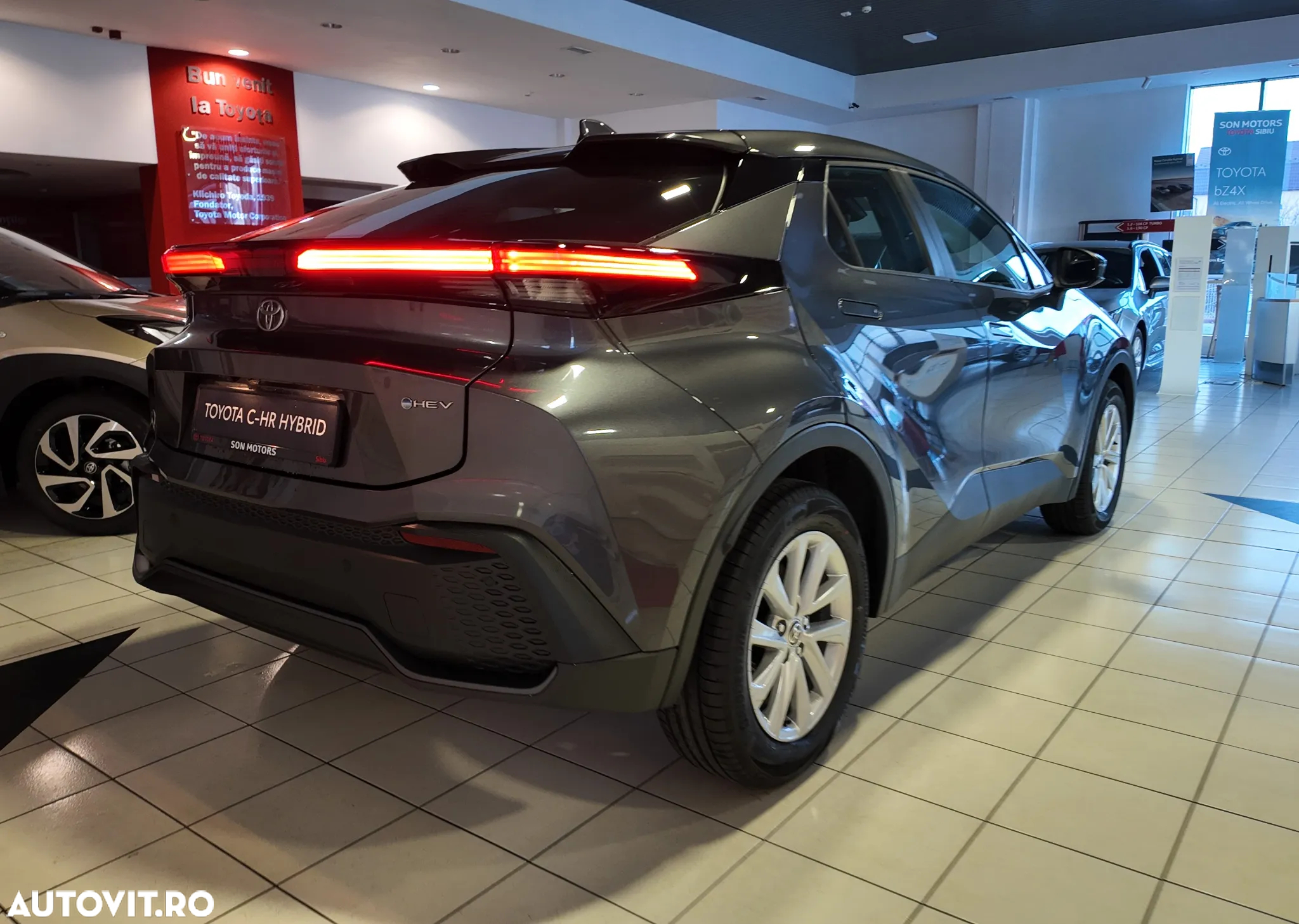 Toyota C-HR 1.8 HEV 140 CP 4x2 CVT Active - 6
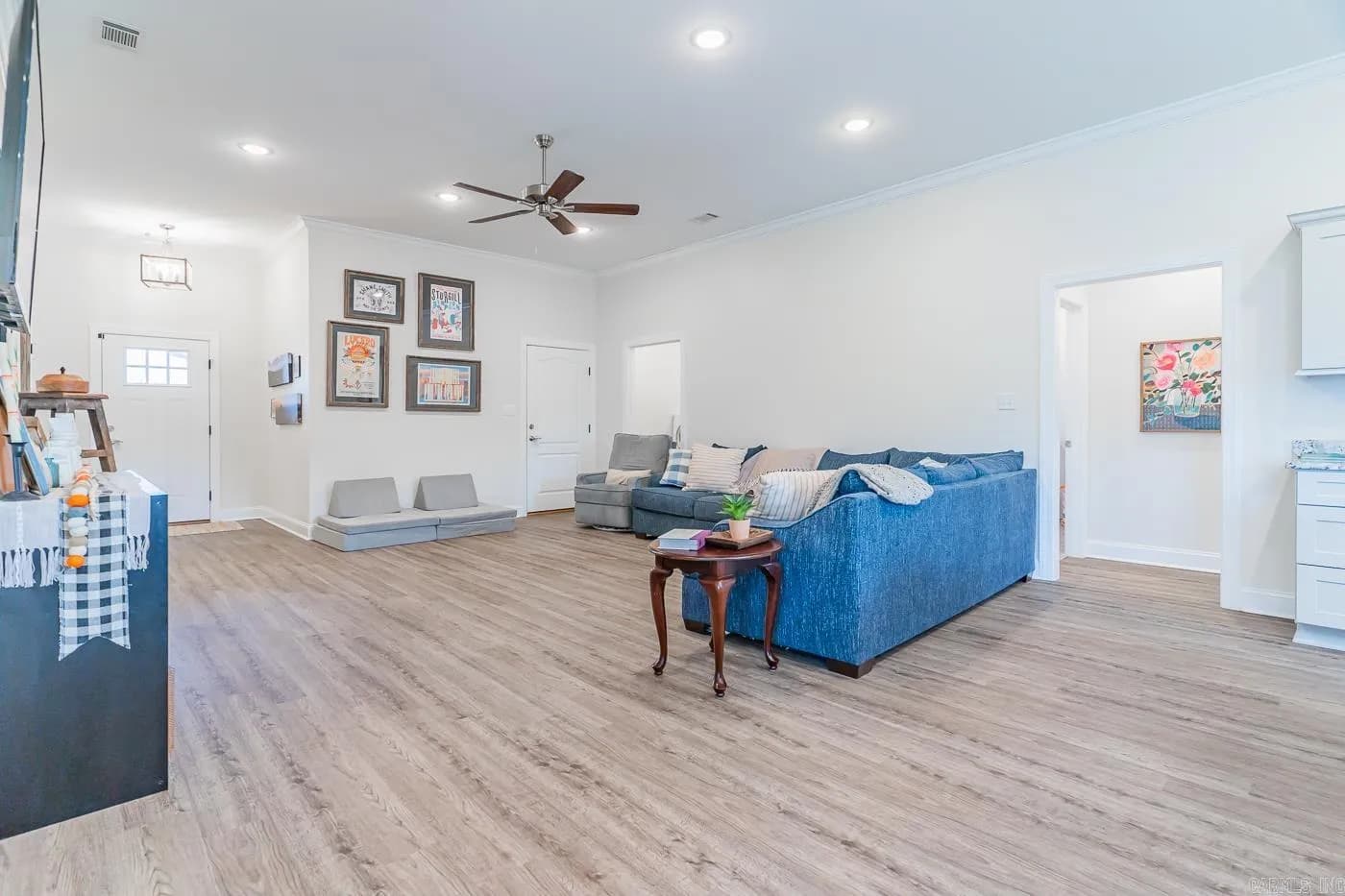 Property at 4813  Edgemont - Image 8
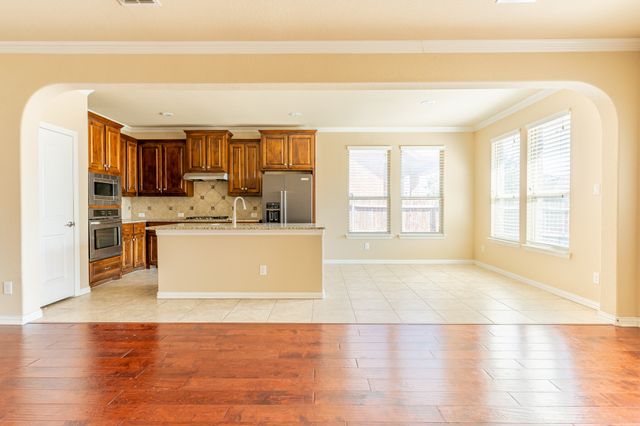 2943 Ladoga Drive, Grand Prairie, TX 75054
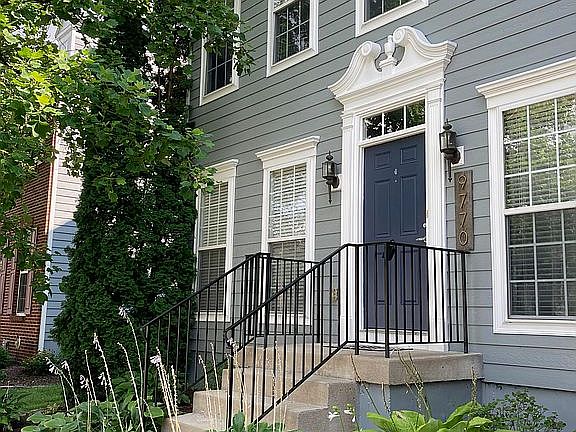 3rd image of 9770 Cobblewood Ct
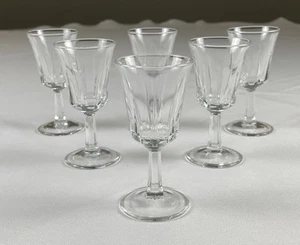 6 Bicchieri Porta Cristallo Taglio Verticale Piedi Vintage Altezza 3,5" Stelo Esagonale - Foto 1 di 7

----

Task description
A verbatim rendering of the listing above is required, without any of its pictures.

Task answer
 Toyota C-HR 1.8 HEV 140 CP 4x2 CVT Active - 6
 Property at 4813  Edgemont - Image 8
 2943 Ladoga Drive, Grand Prairie, TX 75054
 3rd image of 9770 Cobblewood Ct
 6 Bicchieri Porta Cristallo Taglio Verticale Piedi Vintage Altezza 3,5" Stelo Esagonale - Foto 1 di 7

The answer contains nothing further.